Nottingham 'Tinder Swindler' told string of lies to scam woman out of £150,000

A romance scammer wove an elaborate web to defraud a woman out of £150,000 in the name of love. Penniless asylum seeker Frank Adozi is actually gay - but he targeted this one woman and many more - to get his hands on their cash.

Adozi, 32, of Kneeton Vale, Sherwood, had a fake profile on dating website "Our Time" of a middle-aged oil rig worker in search of love. But it was all lies. Using the false name Mark McCarthy, he was also attracting women to give him their cash on Tinder and other online sites and amassed a further £40,000 from them.

It happened 14 months after he was released from his last sentence of four-and-half years for perverting the course of justice and two frauds, where he set up a false ID and exploited others. His main victim, who wishes to remain anonoymous, met him on "Our Time" after her relationship ended.

Read more: Brothers prosecuted after safe containing £49k was found in child's bedroom

Adozi explained he grew up overseas, had a daughter,Tamara, attending boarding school in New York and claimed he worked away a lot. "That was all fiction," Luc Chignell, prosecuting told Nottingham Crown Court on Friday, April 1.

Adozi's first efforts to get cash from her was on March 27, 2021, when he explained his fictitious daughter, who had trouble with her cards, needed money for a taxi. Sympathetic, the victim sent him £370.

More payments followed for a variety of excuses and eventually came to £157,332.25 in just two-and-a-half months, Nottingham Crown Court heard. She stopped sending him money when she realised he was lying. He claimed he was taking a flight from Dubai. When she checked, there was no flight.

First she contacted Action Fraud, who referred the matter to Nottinghamshire Police. Detective Constable Carl Miller, from the fraud department, said another man, who remains on the run, had posted Adozi's fake profile and paid his subscription.

Adozi was circulated as "wanted" and was actually caught in a flash Range Rover Sport car on a police stop for a suspected traffic offence. DC Miller told Nottinghamshire Live Adozi's offence was "completely cruel".
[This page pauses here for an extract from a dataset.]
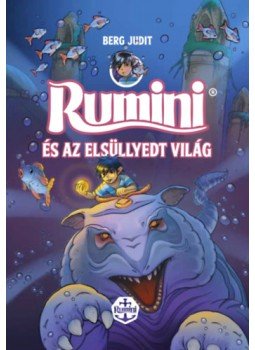 Berg Judit - Rumini és az elsüllyedt világ - új rajzokkal Berg Judit - Rumini és az elsüllyedt világ - új rajzokkal, null 2023 antikvár könyv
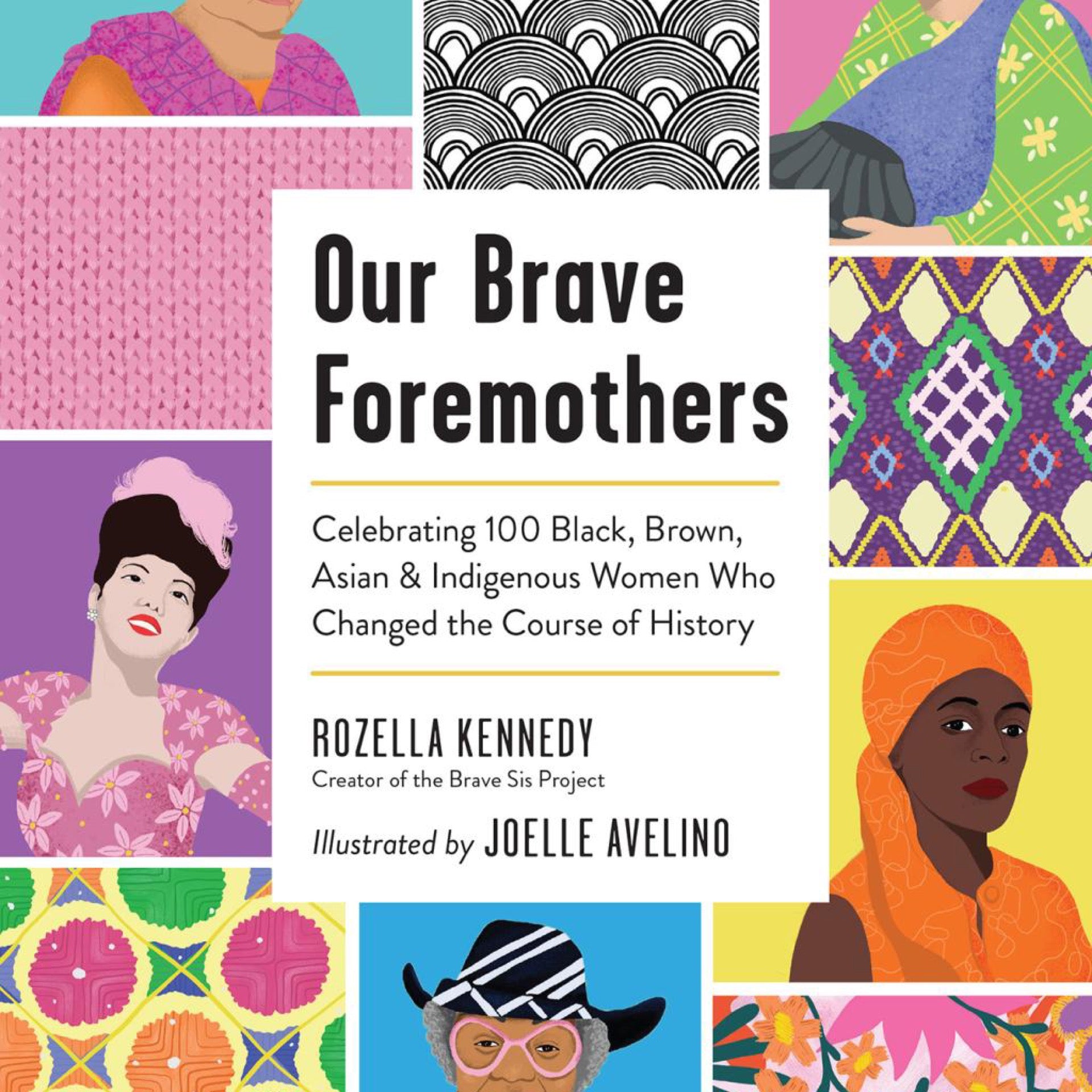 Our Brave Foremothers- Celebrating 100 Black, Brown, Asian, and Indigenous Women Who Changed the Course of History by Rozella Kennedy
Adozi was jailed for four years after admitting the offence involving the main victim, and asked for six further frauds - some successful, some not - to be taken into consideration, as well as two money laundering offences. He was handed a restraining order for five years.

The victim said it had, "ruined her life". Susan Gregson-Murray, mitigating, said Adozi, who was dressed casually in the dock, had expressed extreme remorse. The Range Range was registered in the accomplice's name, who took 40% of the defrauded cash, with Adozi keeping 60%.

Some of the money went to pay debts in Nigeria. Recorder Stuart Sprawson adjourned a proceeds of crime application, effectively to investigate the money trail, to July 15.